F5’s competitors in this segment include Blue Coat (now part of Symantec), CipherCloud, Imperva and Citrix.

But, according to TBR, F5’s application affinity and visibility, garnered from years of delivering application delivery control (ADC) solutions will help set F5 apart as the most holistic application security provider.

The research firm sees a window of opportunity for F5 to capture a larger share of the application security segment.

However, Symantec’s acquisition of Blue Coat and moves by larger vendors to acquire smaller competitors presents challenges to F5.

Further, F5’s Silverline team, which provides distribution denial of service (DDoS) mitigation and web application firewall (WAF) services, will be key to the vendor’s segment share growth as it increases customer awareness of F5’s security brand.

In the past, F5 gained many of its customers by leading with its application control strengths, but now new customers are discovering F5 when they reach out to the Silverline team for emergency assistance during an application attack.

TBR believes F5 will increasingly gain security‐first and even security‐only customers over the next few years.

It also adds that F5 has the qualifications to emerge as the most holistic application security provider for customers’ cloud‐based applications.

Customers’ applications continue to be plagued by attacks such as DDoS, SQL injections, buffer overflows and cross‐site scripting (XSS) attacks, and hackers are continually devising new techniques to disable customers’ critical applications.

F5 has addressed many of these threats with its DDoS mitigation and WAF solutions, available on premises or as a service attached to F5’s application delivery controllers, purpose‐built appliances or Silverline  cloud‐based managed services.

While other vendors such as Imperva and Radware also provide DDoS mitigation and WAF solutions, F5 brings extensive application context and visibility that can optimize the customer’s response to an application attack.

Through integration with its application control solutions, such as its flagship Big‐IP ADC platform, F5 is well equipped to detect real application attacks while reducing false positives, and implement or suggest the most appropriate responses for different types of applications, TBR said.
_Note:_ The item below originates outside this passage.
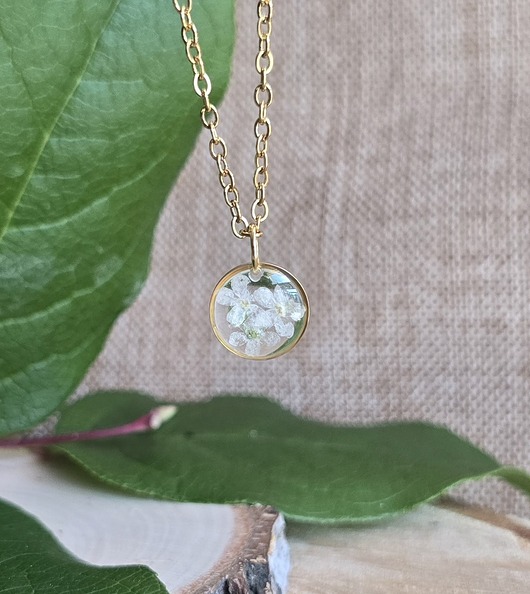 wisiory Mały wisiorek z białą niezapominajką prawdziwy kwiat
That being said, F5’s success will depend on data security integration and a shift in customers’ security spending habits.

Customers are not only moving applications to the cloud but also moving data, and they need data security solutions including encryption and data loss prevention (DLP) for their data in transit and at rest in the cloud.

For F5 to attain double‐digit year‐to‐year growth in its security solution revenue, TBR believes F5 will need to expand its purview to include more data security features for cloud environments, and notes F5 has the resources to acquire a cloud‐focused data security vendor such as CipherCloud to quickly fill this gap.

For the fiscal 2016 Q4, F5 expects to deliver overall revenue in the range of $515 million to $525 million.